Encarar isso nos fará sair do lugar comum e criar, de fato, um projeto de país com reputação internacional sólida — aquela que se conquista não com promessas, mas com ações que inspiram confiança, cuidado e reconhecimento do que oferecemos ao mundo. Assim, não podemos deixar de fazer a nossa parte. Proteger a dignidade de povos originários, ribeirinhos e quilombolas, garantir acesso universal aos serviços básicos de saneamento, combater o racismo, valorizar nossa cultura e biodiversidade, transitar para a economia verde, reduzir desigualdades são alguns dos caminhos estratégicos para o Brasil se consolidar como essa Liderança Sociobioeconômica-Diplomática almejada.

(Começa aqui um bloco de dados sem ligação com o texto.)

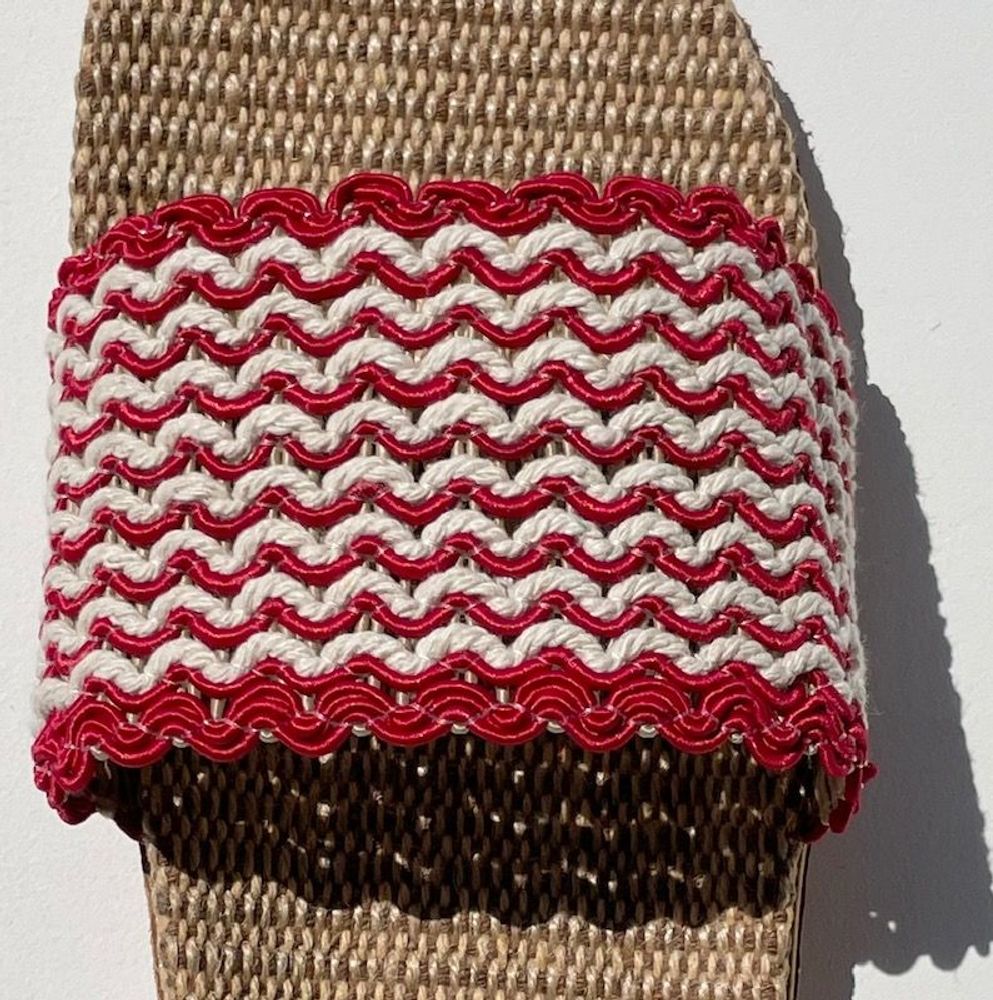 Homewear bien-être - LES MAURICETTES de Nadine, claquettes vaguelettes rouges - LES MAURICETTES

O turismo soma-se como um dos catalisadores dessa virada. Ele é campo de contato, de trocas, de experiência real, de imaginação, de pertencimento. Mas para exercer esse papel com responsabilidade, é preciso que também ele se reinvente. Que deixe de vender o Brasil como promessa e comece a participar da construção de um país que se reconhece e que se mostra para o mundo não só pelo que é — mas também pelo que decide se tornar.